The queen herself, CCSC President Patricia Granda-Malaver announced a further structuring of CCSC office hours, to allow Columbia students a more direct connection to their student council representatives, which will soon be publicized and added to the LionLink calendar. Additionally, Malaver explained potential efforts to turn the recently vacated brownstone on W 114th into a community for POC students within the Columbia community, as opposed to the traditional SIC structure.

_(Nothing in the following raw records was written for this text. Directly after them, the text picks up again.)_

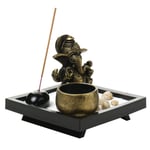 Zen Garden Buddha Candle Holder Resin Creative Crafts Ornaments with Sitting Buddha, Tealight Candle, and Incense Holder for Home Decor Gift Set (Elephant)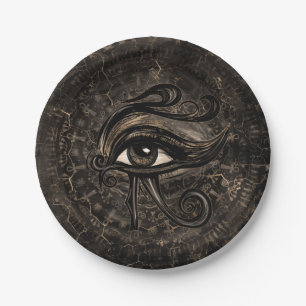 Egyptian Eye of Horus - Wadjet Digital Art Paper Plates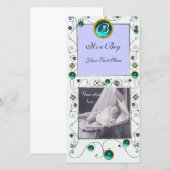 FANCY ZWEEFSIRLS BABY BOY MONOGRAM, aquamarine whi Aankondiging (Voorkant / Achterkant)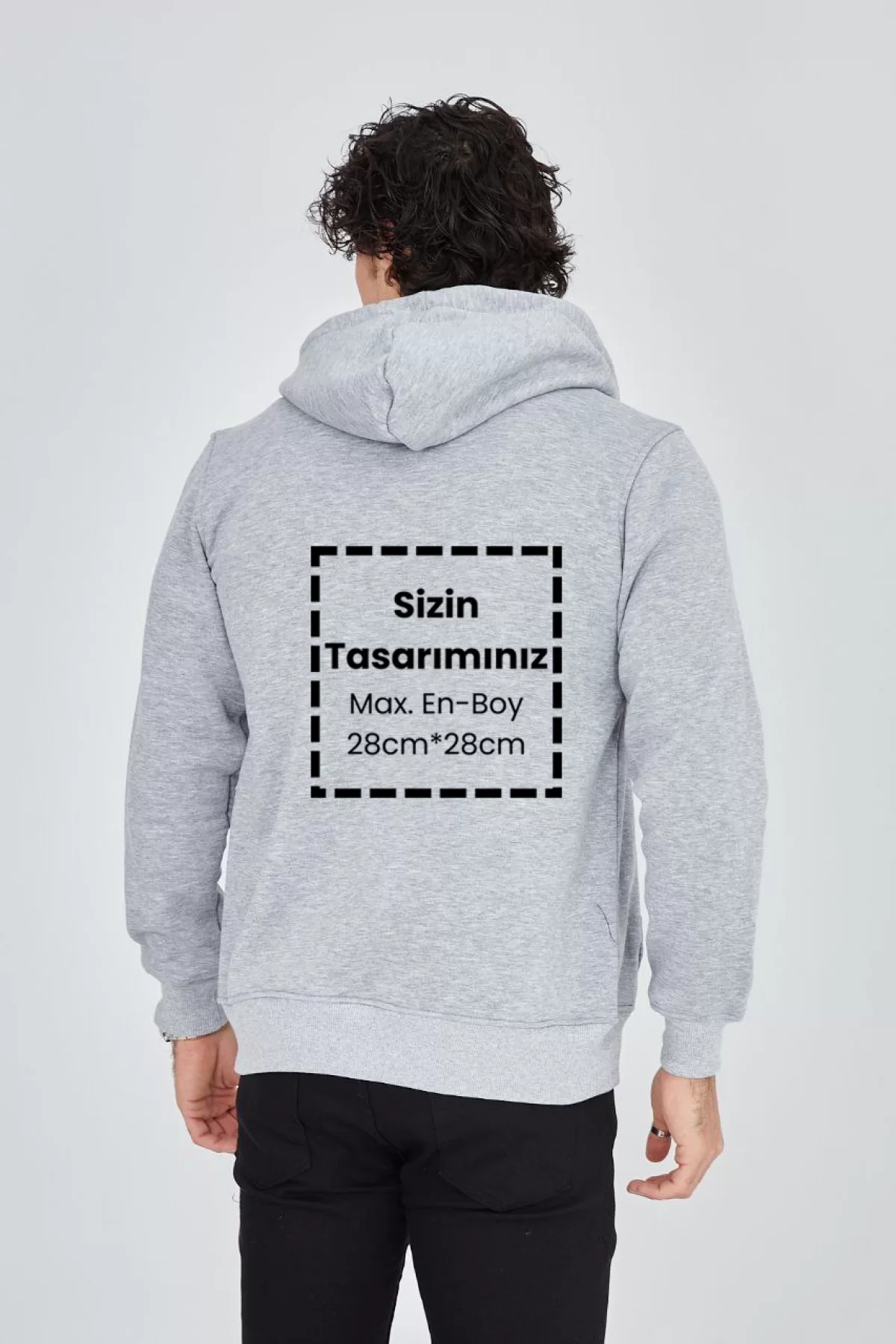 Unisex Tam Fermuarlı Kapşonlu Özel Tasarım SweatShirt - Gri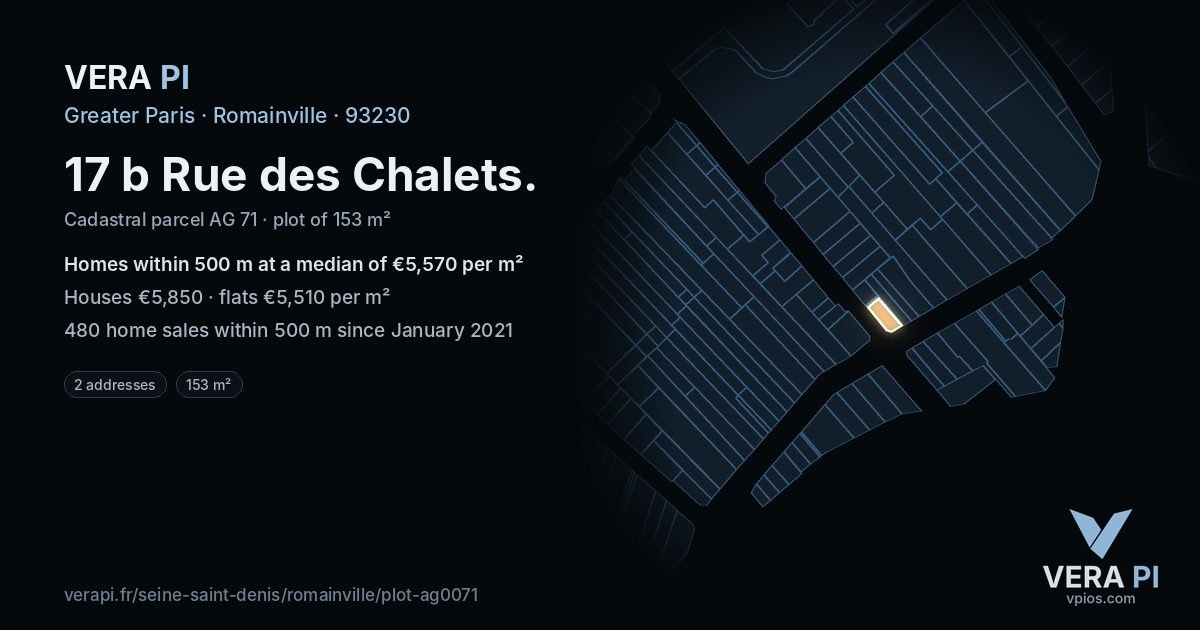 17 b Rue des Chalets, Romainville at night – the plot lit, the parcels around coloured by the prices near them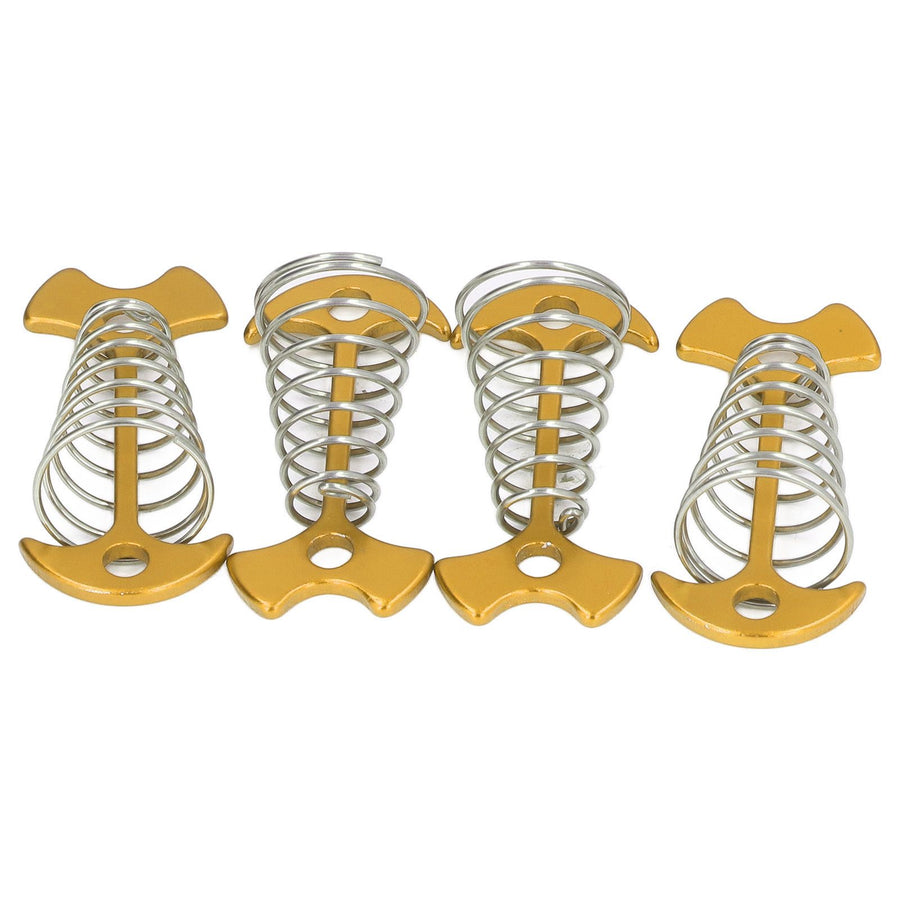 4pcs Fishbone Tent Nails Aluminum Alloy Stainless Steel Extended Plank Floor Canopy Stakes with Spring Gold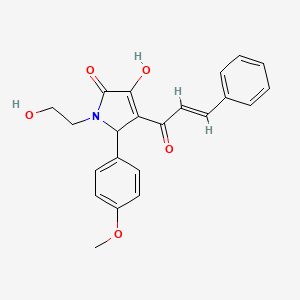molecular formula C22H21NO5 B3918404 4-cinnamoyl-3-hydroxy-1-(2-hydroxyethyl)-5-(4-methoxyphenyl)-1,5-dihydro-2H-pyrrol-2-one 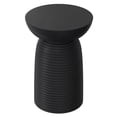 thumbnail image 2 of Boyd 13" Wide Solid Mango Contemporary Ribbed Accent Table in Black& Assembled, 2 of 9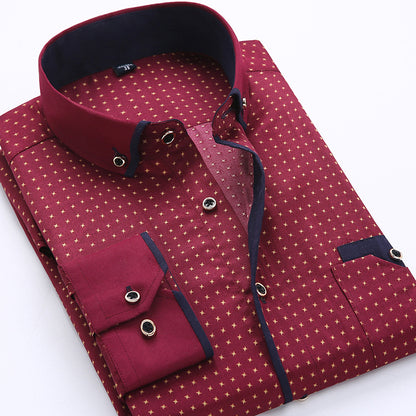 👔【S-5xl】Moška srajca za prosti čas z dolgimi rokavi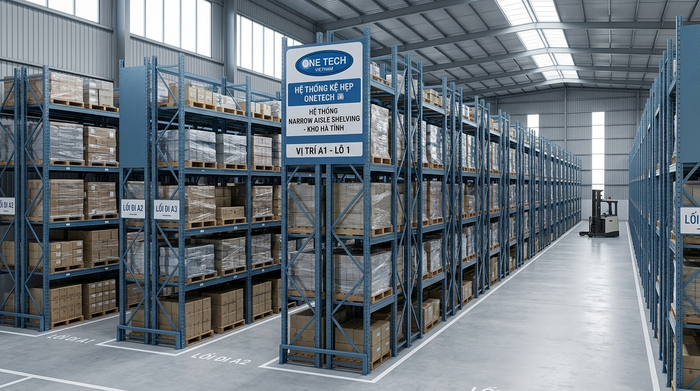Layout kệ narrow aisle tối ưu diện tích kho Mặt bằng bố trí Kệ Narrow Aisle Hà Tĩnh với lối đi hẹp
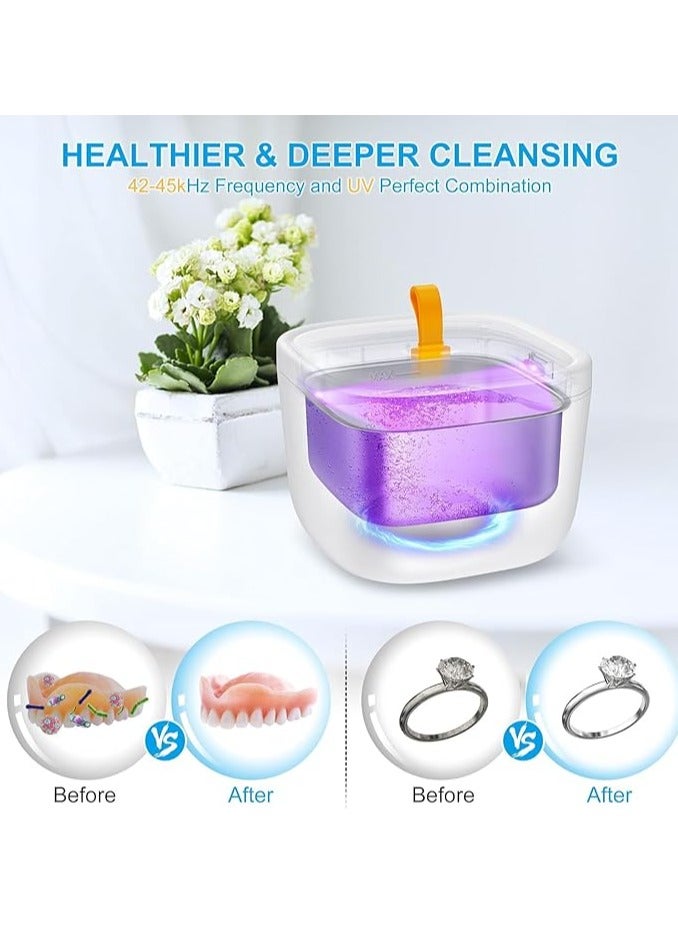 Ultrasonic Cleaner for Retainer  Invisalign Denture Mouth Guard  Aligner Toothbrush Head 43kHz 255ML Newly Upgraded Ultrasonic Retainer Cleaner Machine UV Ultrasonic Jewelry Cleaner - Image 3
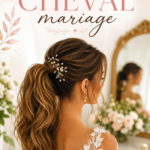 Une mariée avec une queue de cheval élégante ornée de fleurs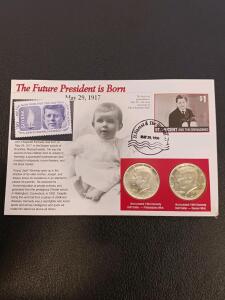 1964 Kennedy Half Dollar Set, Philadelphia & Denver Uncirculated, JFK Stamps & 1996 Panel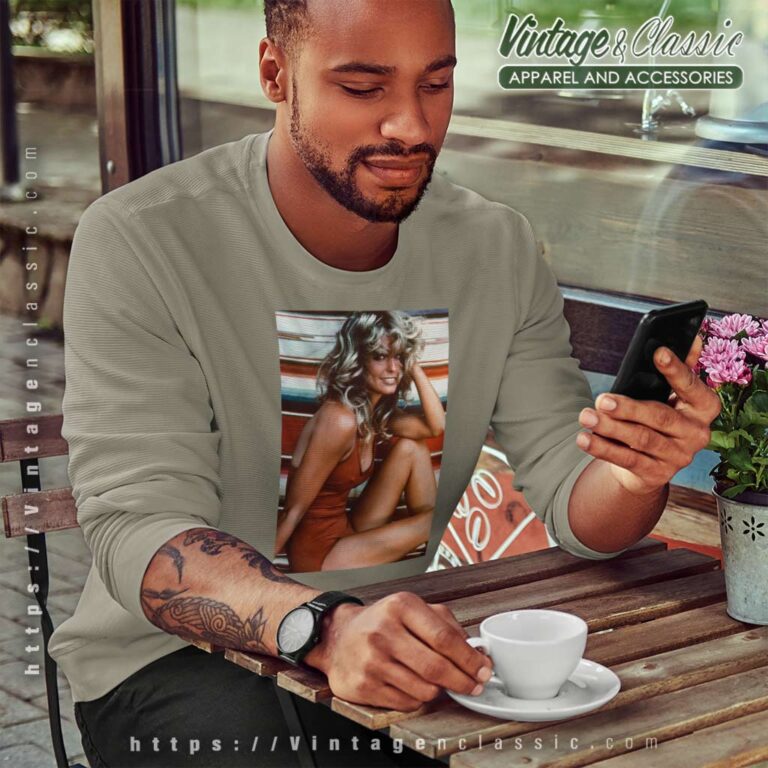 Farrah Fawcett Red Bathing Suit Sweatshirt Farrah Fawcett Red Bathing Suit Sweatshirt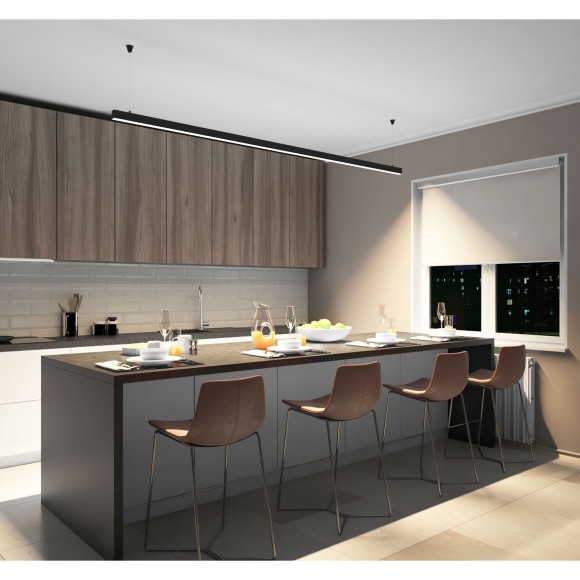 DK9254-BK Линейный черный светодиодный влагозащищенный светильник 250см, накладной/подвесной, тросы 2м в компл. 62Вт 5200Лм 4000К 120° CRI90 RAL9005 IP44 DENKIRS HALS DK9254-BK Линейный черный светодиодный влагозащищенный светильник 250см, накладной/подвесной, тросы 2м в компл. 62Вт 5200Лм 4000К 120° CRI90 RAL9005 IP44 DENKIRS HALS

Beyond general body updates, Gender and Sexuality representative Kwolanne Felix spoke about the possibility of creating a variety of task forces related to identities represented in CCSC (i.e. sexuality, first income students, international, etc.), which would allow Columbia students to sit on standing committees as student advocates for the entirety of the CC student body. Debate continued relating to how conflicts and coalition-building can be structured through CCSC, with the general consensus focused upon the importance of collaboration to celebrating student identity. Alumni Affairs representative Yasna Vismale suggested that alumni resources, as well as alumni existing within particular identities, might be a crucial piece of support in this journey towards fundraising and support of these task forces. Felix, an absolute force to be reckoned with tonight, also spoke about the crucial nature of student engagement to the furthered understanding of community-building at Columbia, in order to foster collaborative discussion on policy (as opposed to the intimidation that can be inherent in meetings with At-Large representatives).
Following this discussion, a representative and advocate for the formal recognition of Indigenous Peoples’ Day came forward, asking for a release of a statement officially supporting this resolution by CCSC. The representative explained that this resolution is already highly supported by the majority of Columbia faculty and students.